Asian stocks gained marginally yet trade worries have held down sentiment. News flow indicates that, Chinese officials
disagreed with President Trump's version of restarting trade talks between Washington and Beijing. The conflicting signals are
potentially more worrying then actuals status of trade talks. So far, the RMB has been used to offset US import tariffs more than
representing weakening fundamentals. A fact that seems to infuriate US President Trump. The President has long rallied against the use of
the Chinese currency as a tool to gain an advantage in trade. In our view, Trump tweets mentioning the Fed are less about actual interest rates
(Trump has functioned as t borrower with significantly higher rates) but the positioning of the USD. Clearly, he is envious of China's
ability to set currency prices. Given the new round of tariffs on Chinese imports, USDCNY should keep rising.

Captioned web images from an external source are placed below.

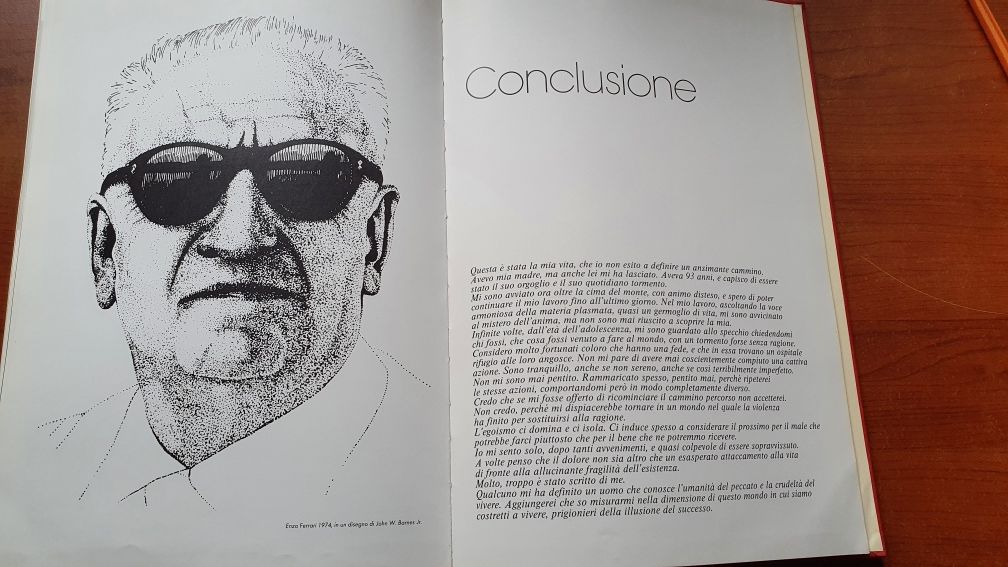 Książka autorstwa Enzo Ferrari " Ferrari " Rosso rarrissimo 1974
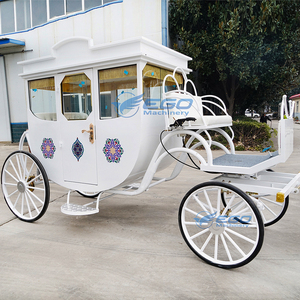 Calèche royale de haute qualité pour mariage, calèche électrique à quatre roues, style européen, calèche royale personnalisable - Product Image 4
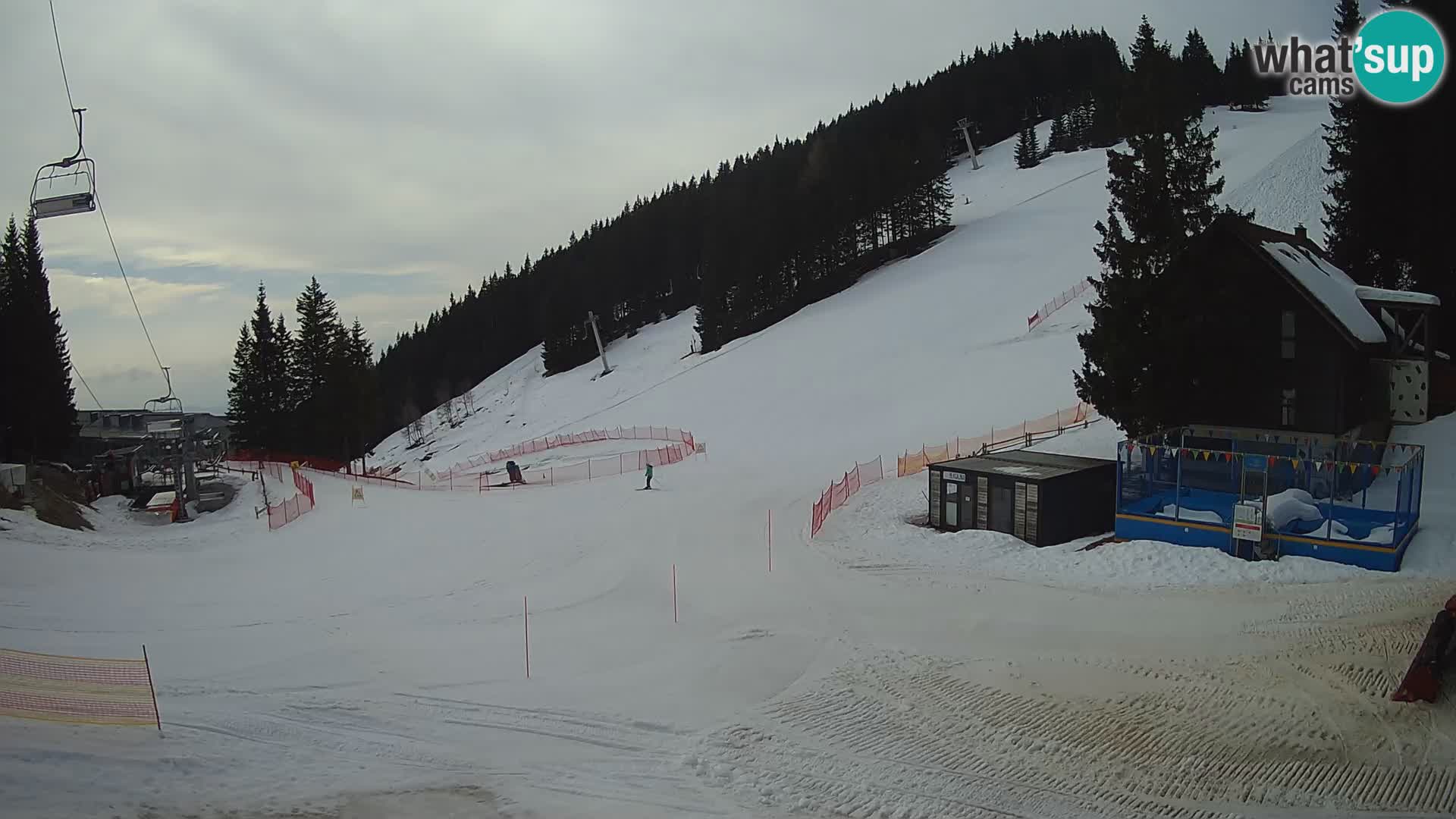 Cámara web en vivo de la estación de esquí GOLTE – vista a Medvedjak – Eslovenia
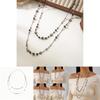 Feminine Long Chain Floral Necklace For Women With Vintage Finish Summer Style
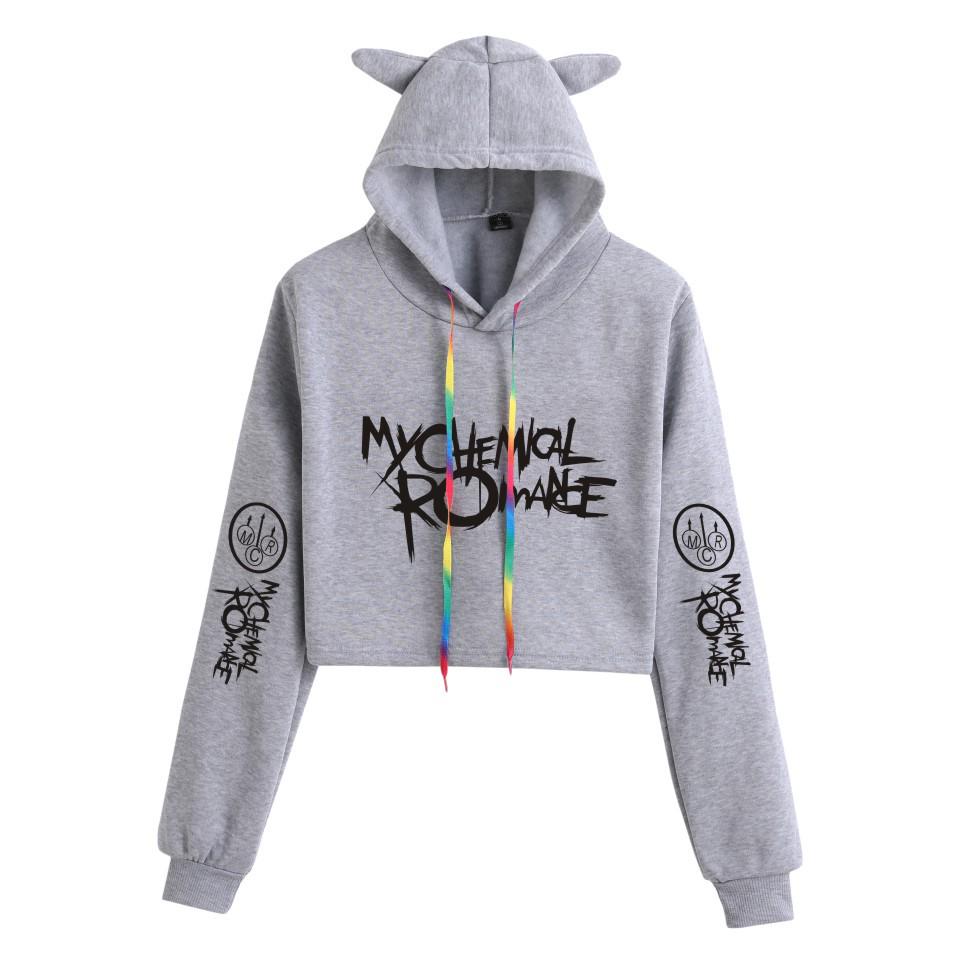 Women's Plus Velvet My Chemical Romance Hoodie - Long-Sleeve Sweatshirt for Autumn/Winter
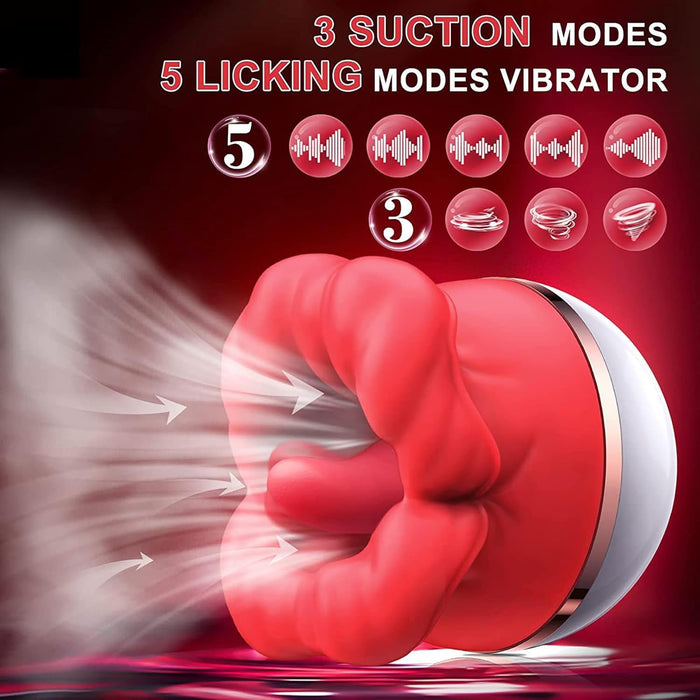 Vibrator for women with tongue – 3 modes and 5 tongue movements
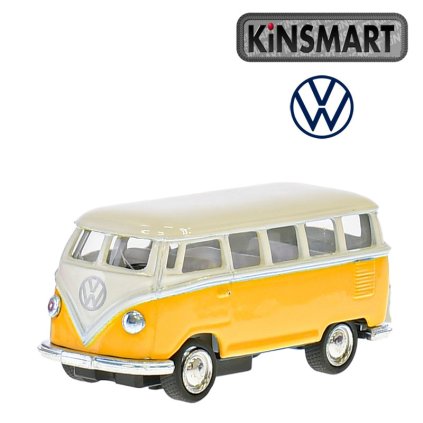 kinsmart vw mini bus žlutý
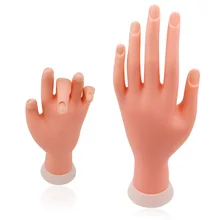 1 pièces nouvelle pratique Nail Art main gauche affichage souple formation modèle mains souple Silicone prothétique Salon personnel manucure outil(China)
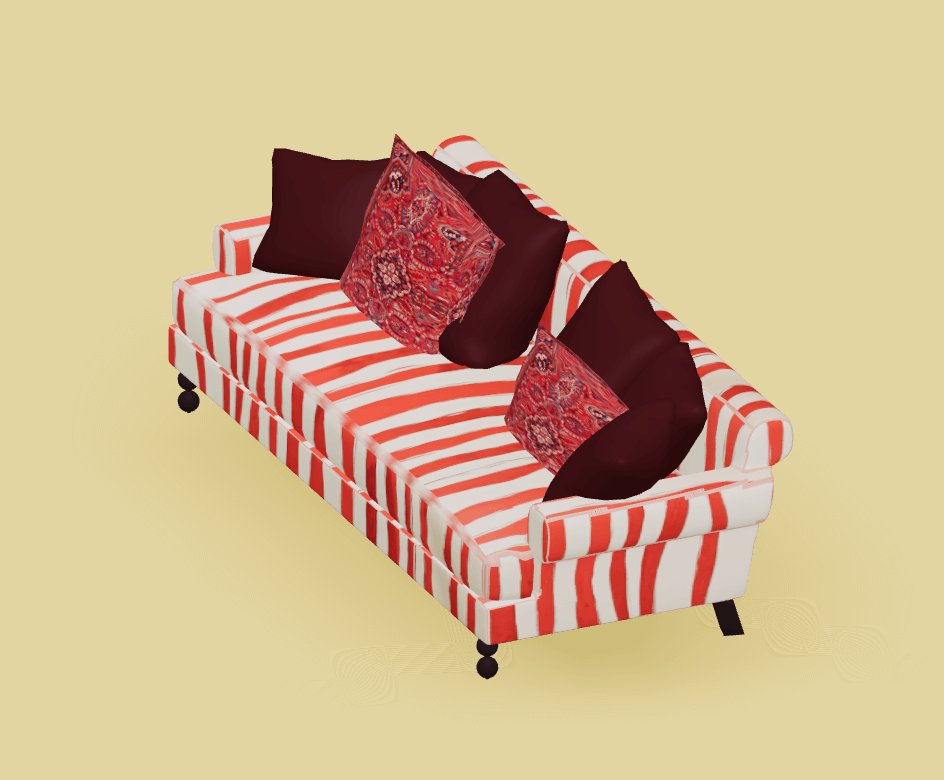 Room designer with furniture library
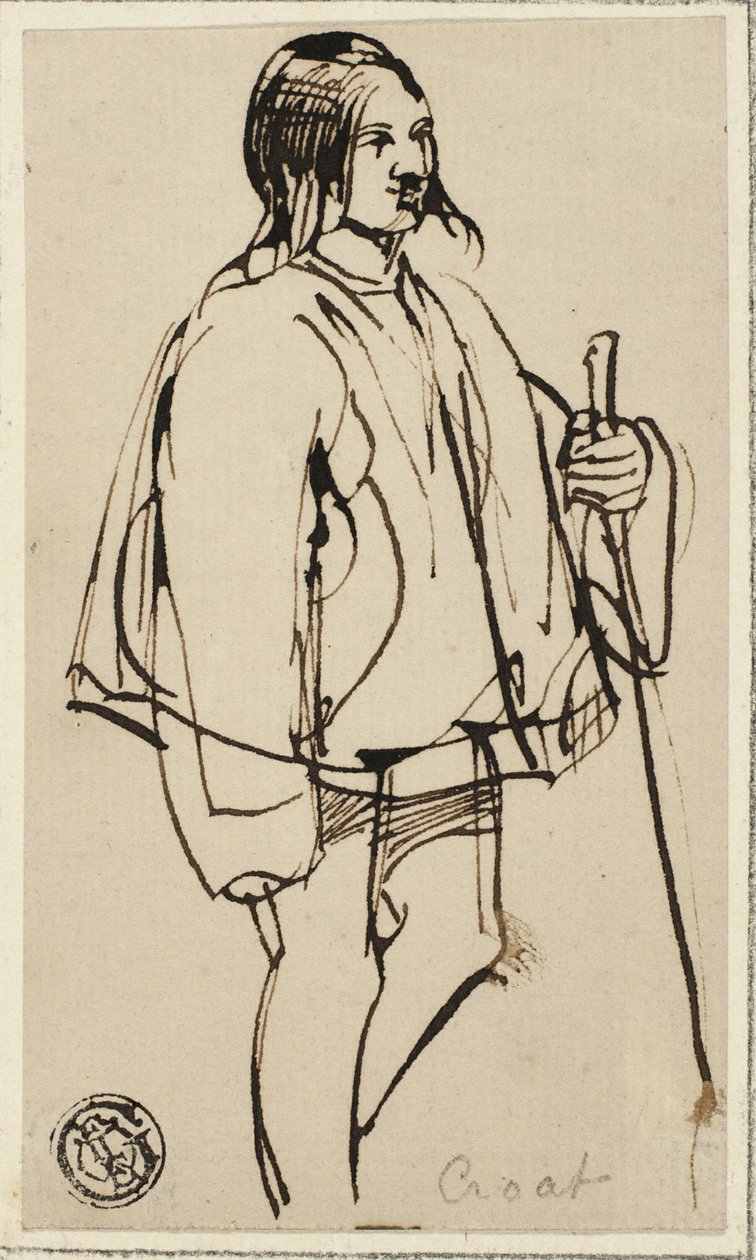 Kroatischer Bauer von David Wilkie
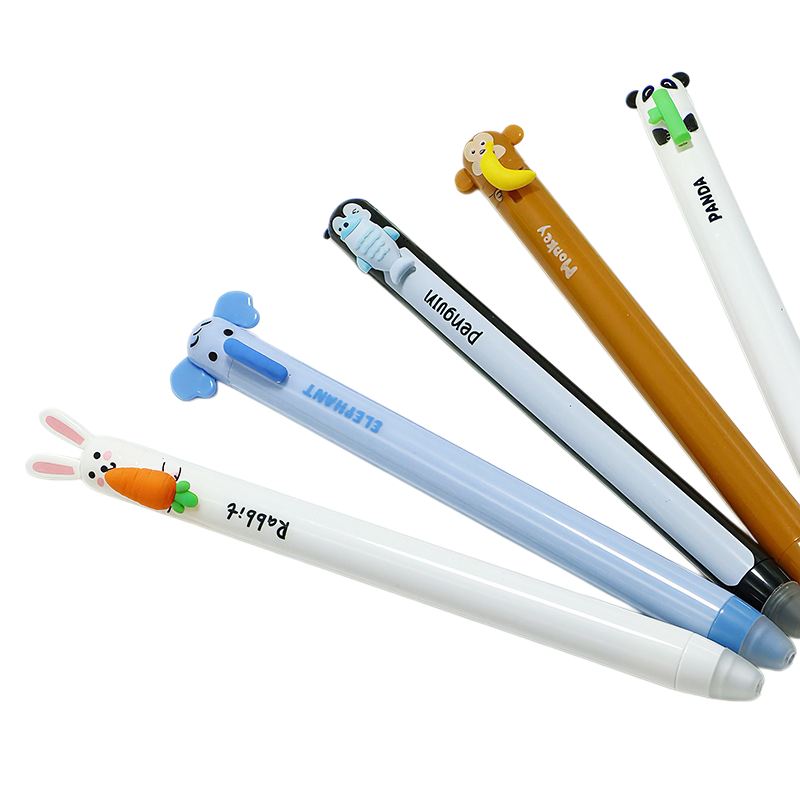 6 Paket Pulpen Gel Hewan Kartu - Retractable Eraser Pen Click ulasan dan harga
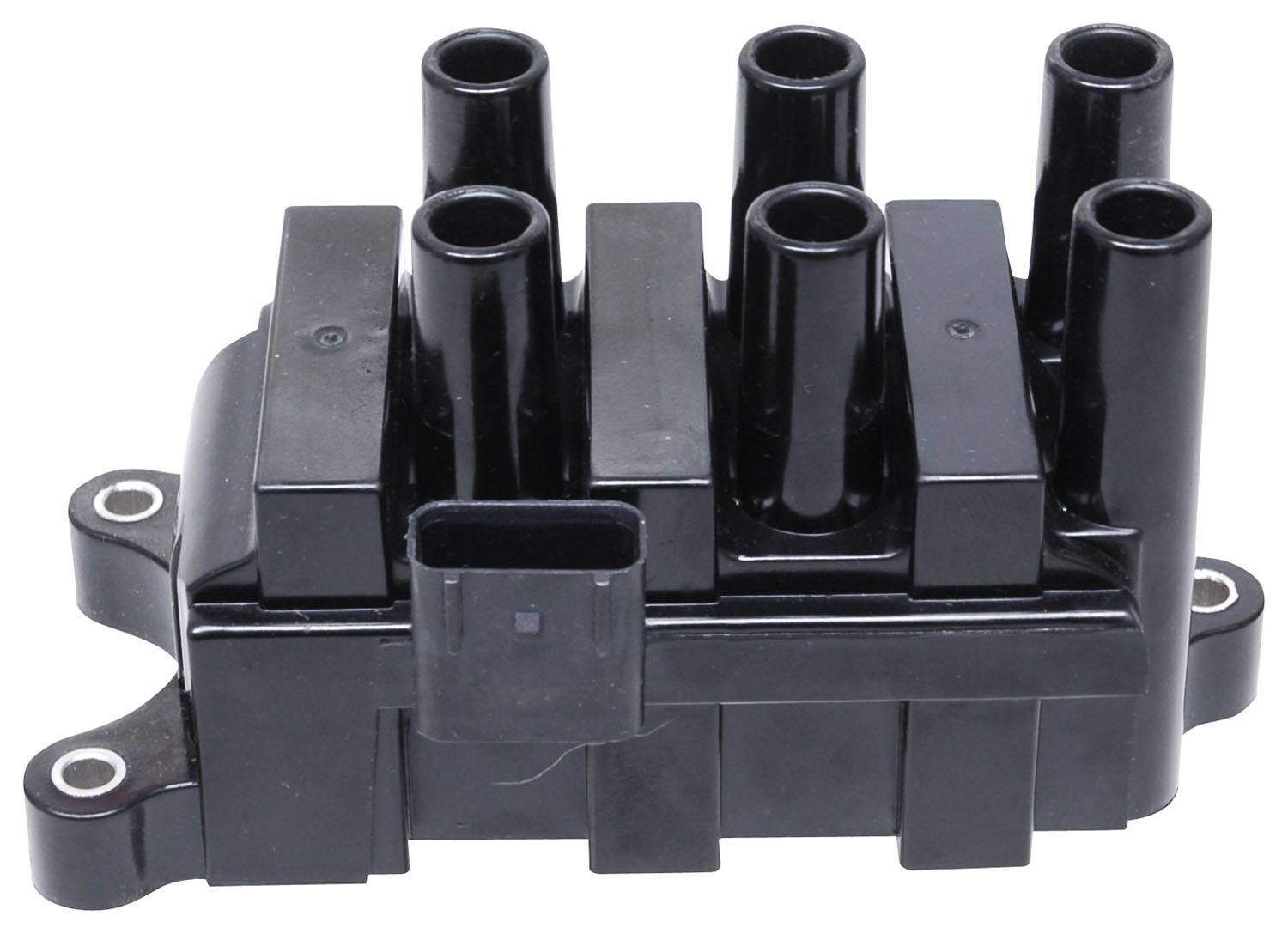MSD Ignition 5529 Ignition Coil Pack, Street Fire, Female Socket, Black / Red, Ford 6-Tower, Each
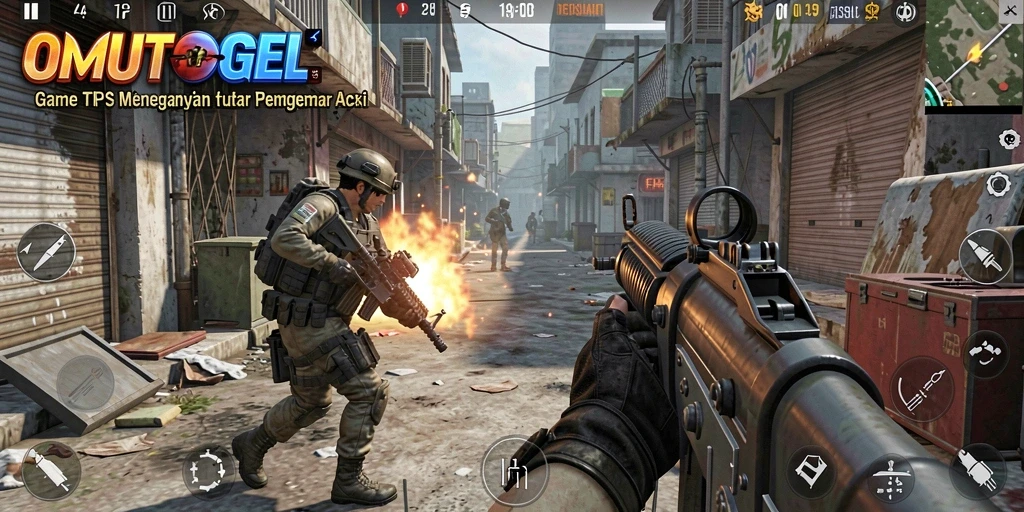 Tampilan aksi menegangkan dalam gameplay OMUTOGEL yang memikat.
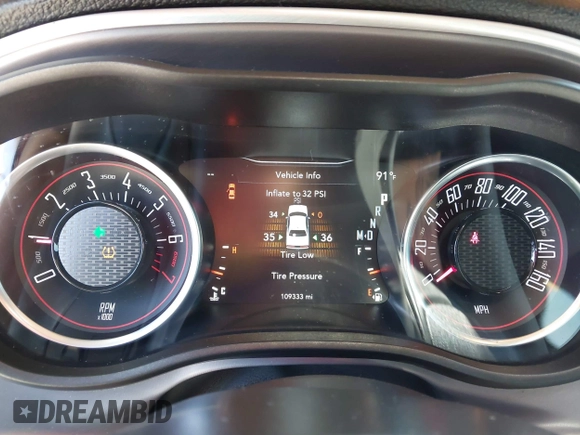 2019 Dodge Challenger SXT z VIN 2C3CDZAG1KH587281, wystawiony jako IAAI lot #42180057 z przebiegiem 109 333 mil mil oraz . Historia ofert i sprzedaży dostępna na DreamBid. Obrazek 7.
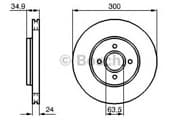 OEM BREMSSCHEIBE 0986479048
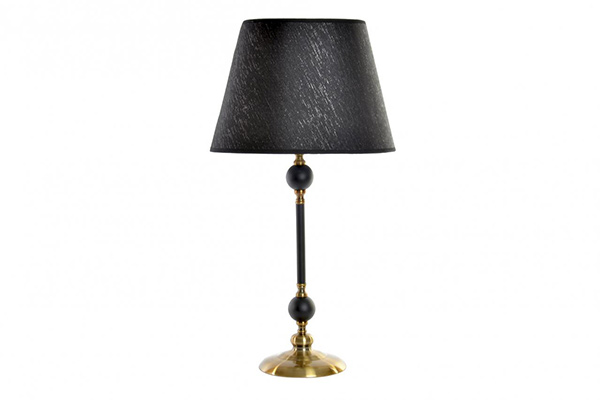 Lampe de table mÉtal lin 32x61,5 noir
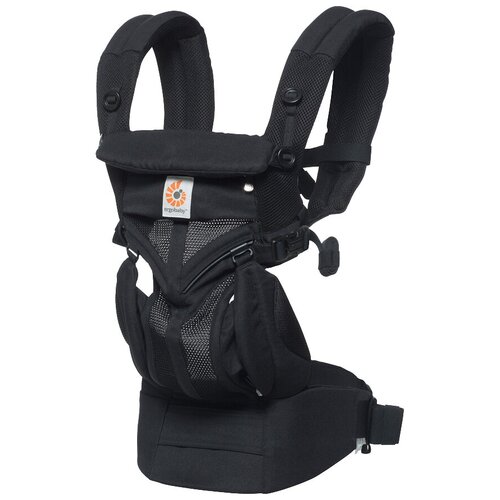 аксессуары для сумок кенгуру ergobaby накладки на лямки natural Эргорюкзак Ergobaby Omni 360 Cool Air Mesh, onyx black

Estimates indicate that if all
30% tariffs on Chinese goods in the recent announcement are enforced USDCNY will potentially need to appreciate to 7.95. In general, we had
expected a reduction of trade tension as in past escalations. However, this has not occurred yet. Trump's order for Americana companies to
relocate, citing powers granted by the International Emergency Economic Powers Act of 1977, has shifted the battle lines. We doubt the Act
provides the President to pull current companies out of China, but can provide the tools to make relocation and current business extremely
difficult. This escalation, out of the trade into investments, will not go unanswered by the Chinese. There are a few logical options but a
weaker RMB must be high on the list.